Cecilie Hollberg (48) ist in Florenz die zweite Deutsche an der Spitze eines bedeutenden Kunsttempels. Geboren in Soltau (Lüneburger Heide), leitete sie seit 2010 das Städtische Museum Braunschweig und übernimmt künftig die Galleria dell’Accademia in Florenz, mit Michelangelos „David“ und dessen unvollendeten Statuen der „Prigioni“.

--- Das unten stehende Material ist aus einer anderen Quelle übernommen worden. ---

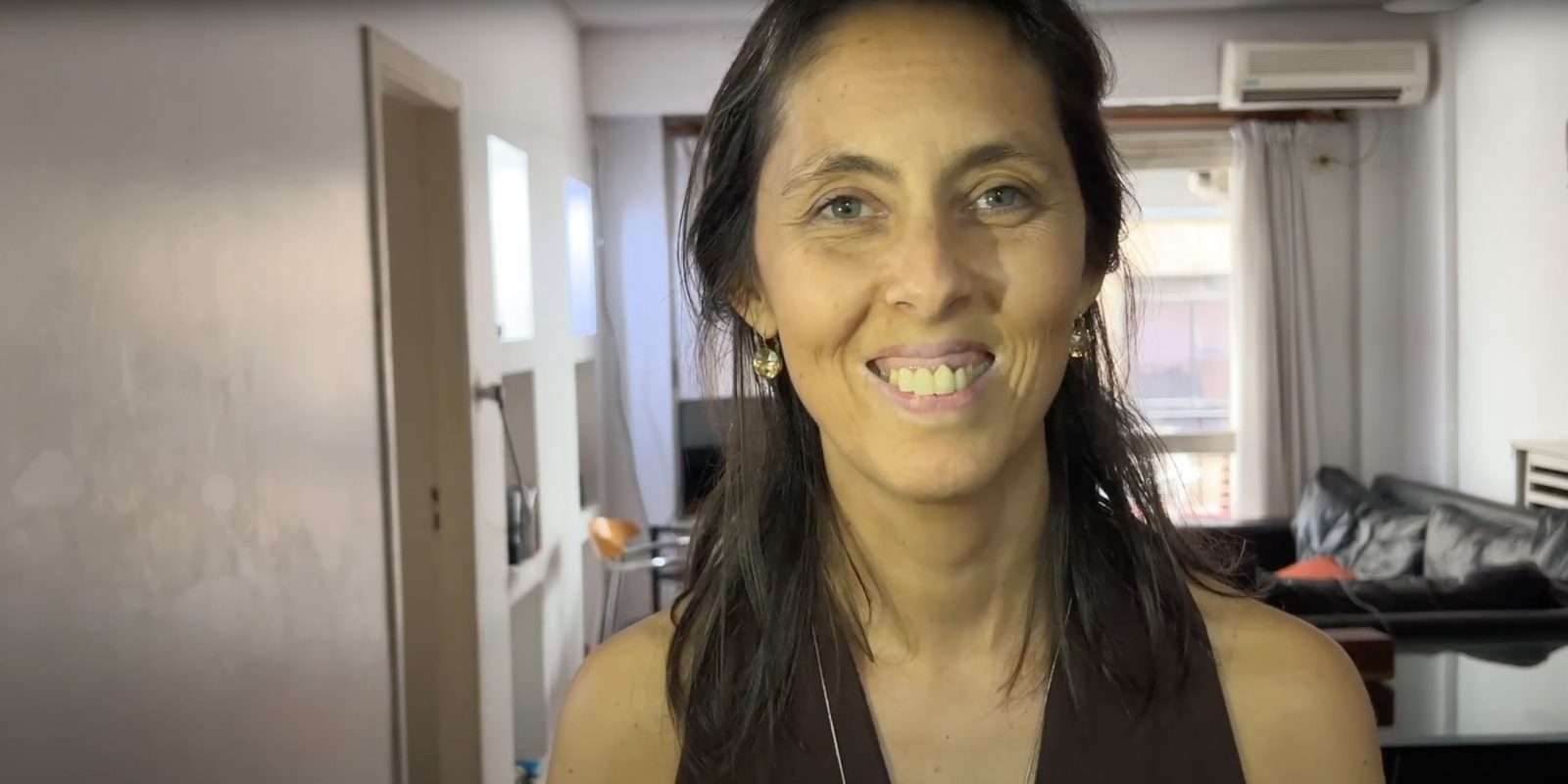 Screengrab of a video interview, woman in small apartment | Unexpected iPhone video shoot, 7000 miles from my camera kit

Gabriel Zuchtriegel (34), promovierter Archäologe, ist der jüngste unter den neuen Museumsleuten in Italien. Er übernimmt den Tempel-Park von Paestum (Kampanien). Zuchtriegel stammt aus Weingarten bei Ravensburg und lehrte bisher an der Universität der italienischen Region Basilicata.

Peter Aufreiter (40), gebürtig im österreichischen Linz und zuletzt Ausstellungs-Manager am Museum Belvedere in Wien übernimmt die Leitung des  Regionalmuseums der Marken in Urbino mit dem Fürstenpalast des Federico von Montefeltro.

Peter Assmann (61) aus Tirol wurde an die Spitze des Fürstenpalastes in Mantua berufen. Der Kunsthistoriker mit Florenz-Erfahrung leitete zehn Jahre den Museumsbund Österreich.

James Bradburne (59) aus Großbritannien und Sylvain Bellenger (60) aus Frankreich ergänzen die internationale Riege. Bradburne leitet seit neun Jahren den Palazzo Strozzi in Florenz; nun übernimmt er die Brera-Pinakothek in Mailand. Bellenger wechselt vom Art Institute Chicago ans Museo di Capodimonte in Neapel.